The security threat posed by Islamist group Boko Haram in the north-east of Nigeria has attracted international attention – and been cited as the reason for the postponement of the country’s elections until March 28. Less, however, is heard of the Niger Delta militants, who have said they will respond violently should incumbent president Goodluck Jonathan lose his re-election bid.
The militants, who made headlines by blowing up pipelines and kidnapping foreign workers in a bid to control oil revenue, reached a negotiated settlement with the Nigerian state in 2009 – reportedly at a cost of US$500m a year. But some former militants have called for action should Jonathan’s main challenger, Muhammadu Buhari win the election. Other former militants have said they would not react. But drawing on Nigeria’s history of violence around elections, it would be foolish to ignore the warning signs.
The main candidates in the election hail from two of Nigeria’s major volatile areas. Buhari is of Fulani origin and is popular in the north, including his home state of Katsina – one of the northern states ravaged by Boko Haram – and around the capital Lagos. Jonathan, however, is an Ijaw from Bayelsa State in the south-east, where he has a stronghold and where the Delta militants are based.

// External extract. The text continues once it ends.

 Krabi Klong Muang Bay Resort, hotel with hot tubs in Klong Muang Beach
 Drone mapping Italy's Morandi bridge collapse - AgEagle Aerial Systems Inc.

As is characteristic of Nigeria’s elections, Jonathan and Buhari’s political campaigns have been acrimonious and violent. This kind of violence has historically gone hand-in-hand with questions over the quality of freeness and fairness of elections, with frequent accusations of fraudulent activity. The 2003 and 2007 elections were marked by dissatisfaction of election observers, candidates, supporters of candidates and parties, voters, and in some cases the country’s election authority itself, the Independent National Electoral Commission (INEC).
The 2011 elections were generally claimed to be the most credible to be organised since 1999 (they were judged free and fair by observer groups such as Amnesty International, ECOWAS Observation Mission, and the European Union Election Observation Mission to Nigeria), but even then violence was high, claiming around 800 lives in the northern states of Bauchi, Adamawa, Kano and Kaduna (all strongholds of Buhari, who also ran in 2011). It was described in many quarters as the bloodiest election recorded in Nigeria.

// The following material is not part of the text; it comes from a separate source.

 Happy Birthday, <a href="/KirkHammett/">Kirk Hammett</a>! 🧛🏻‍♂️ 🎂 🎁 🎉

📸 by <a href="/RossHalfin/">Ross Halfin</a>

If Buhari loses this may happen again. But the potential removal of Jonathan, a key ally in office, will make the Niger Delta unhappy. The rejection of the son of their soil (he is commonly referred to as “The One” in the region) could stir violence – even if Buhari wins the elections in a free, fair and transparent manner.
But it may be more than this. As vice-president, Jonathan was also instrumental in the negotiated settlement of the militants and their whopping US$500m-a-year package. His removal may have dire implications, and one way militants can demonstrate they still have power should Jonathan lose the election is through violence.
In the event of violence
Before the 2011 elections, Buhari reportedly urged supporters to remain in polling stations after casting their votes, and lynch those who attempted any electoral fraud on behalf of opponents. He subsequently lost the election and inevitably claimed it was rigged. Prior to Jonathan leading the PDP in the 2011 elections, a leading member of his own party, Lawal Kaita, said the north was determined to make the country “ungovernable” in the event that Jonathan or any southerner came to power.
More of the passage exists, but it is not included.